Irgendwer muss sich ja dafür interessieren. |
Fazit: Auch im deutschsprachigen Bereich steigt das Interesse an den
toros. Das ist eine Tatsache! Zumindest will man mehr über dieses Thema erfahren. Ob man dann schliesslich zu einem
aficionado de toros wird steht auf einem anderen Papier. Aber eins lässt sich feststellen. Es braucht ein wenig Zeit. Beim Fussball hat man recht schnell den Überblick. Bei der
mundo de los toros dauert es etwas länger. Zu komplex, zu viele Faktoren, zu viel Geschichte und eine Begegnung der besonderen Art. Für viele etwas völlig Neues. Allein schon die Begegnung mit dem Tod, der stets präsent ist. Das macht dieses Spektakel in der modernen Gegenwart einzigartig.
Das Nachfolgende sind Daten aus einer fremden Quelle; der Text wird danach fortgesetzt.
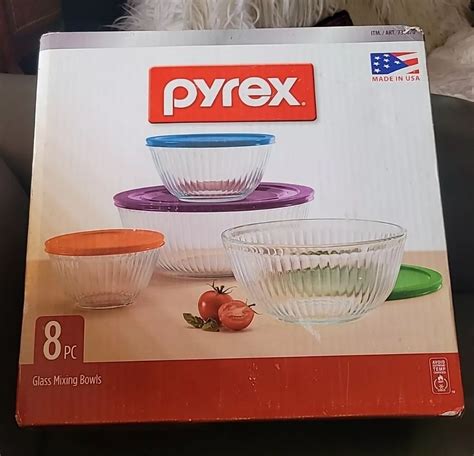 Department Store NEW 8 Pc PYREX Clear SCULPTURED Glass Mixing Bowl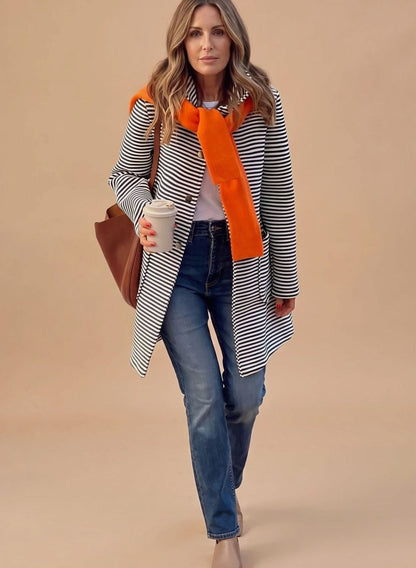 Ella | Gestreifter Trenchcoat für Damen mit langen Ärmeln und Schal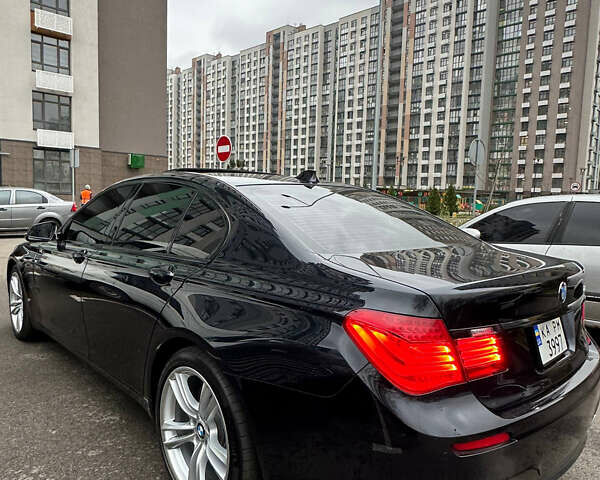 Синий БМВ 7 Серия, объемом двигателя 4.39 л и пробегом 153 тыс. км за 16800 $, фото 10 на Automoto.ua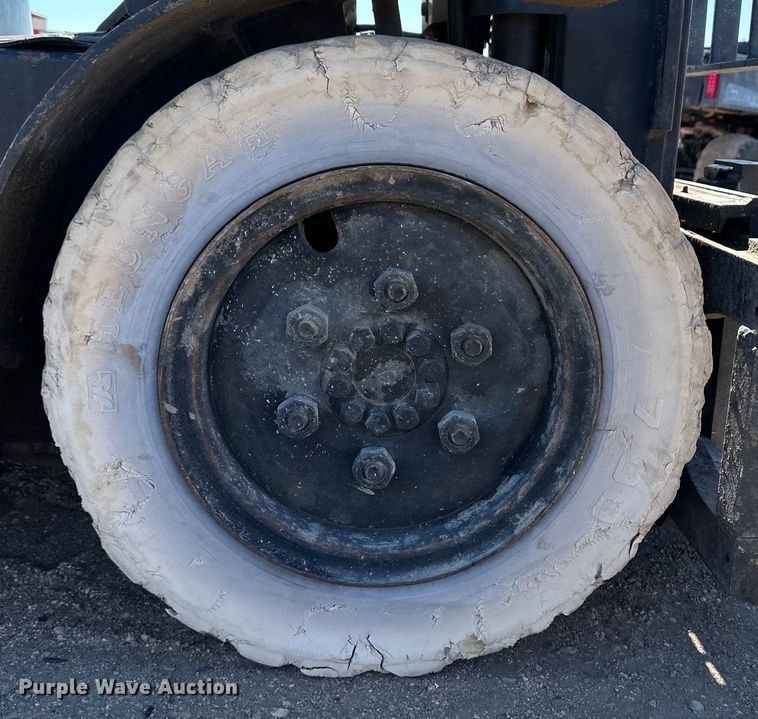 image for item DM2712 Nissan 25 forklift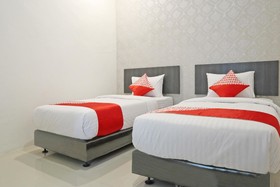 Sachila Residence Syariah  by OYO Rooms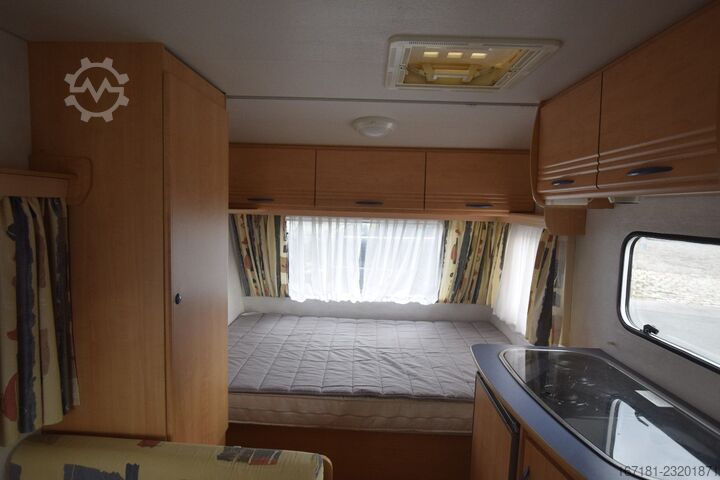 Caravana CARAVELAIR Antares 390 mit Vorzelt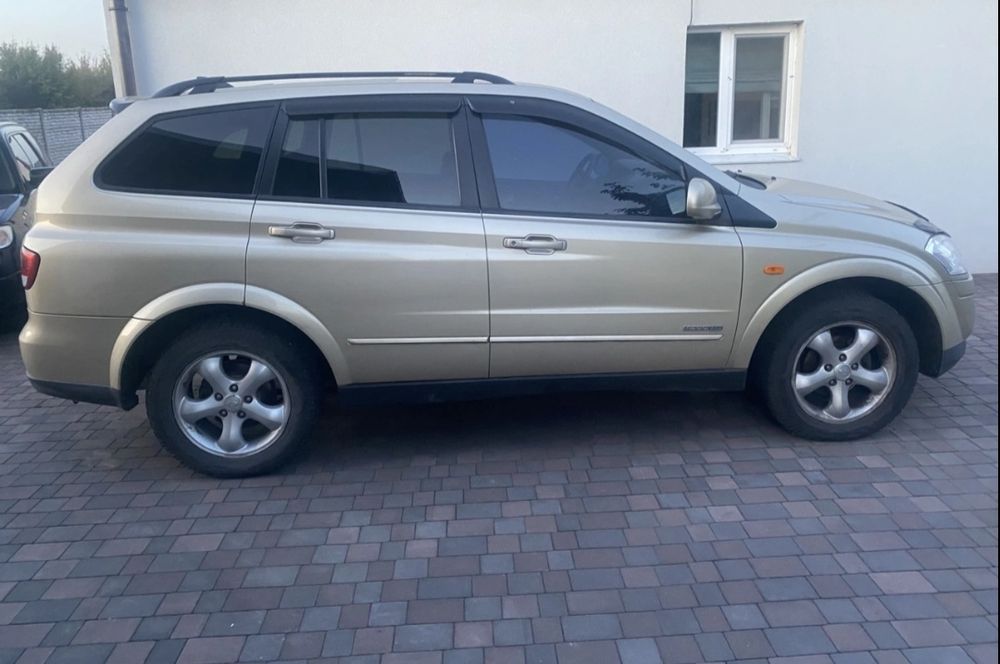 Продам автомобіль SsangYong Kyron 2007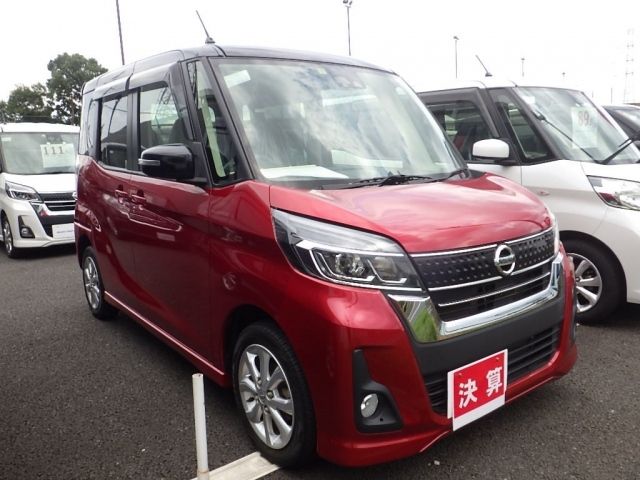 3907 Nissan Dayz roox B21A 2017 г. (NAA Tokyo)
Eingebunden in Kunst, Kultur, Literatur ist es ein Teil des spanischen Lebens und etwas ganz Besonderes.
Gerade diese Tage erhielt
SfA von einer leidenschaftlichen
aficionada de toros, hat zahlreiche
corridas besucht, und ohne Frage eine Expertin zu über die
tauromaquia, hat darüber auch einiges geschrieben, kennt persönlich
toreros, ist Mitglied in einer
peña taurina folgende Nachricht: "
Deine täglichen Beiträge lese ich regelmäßig und mit Freude, natürlich schaue ich auch sonst, was in der Welt der Stiere so passiert. Allerdings ist mein Interesse derzeit etwas im Ruhezustand". Ein typisches Beispiel wie es zahlreichen nicht-spanischen aber auch spanischen aficionados so geht.
Die
mundo de los toros ist eine Welt für sich, aber eben nicht die Welt allein. Sondern ein spannender, aufregender wie vielseitiger Teil von ihr.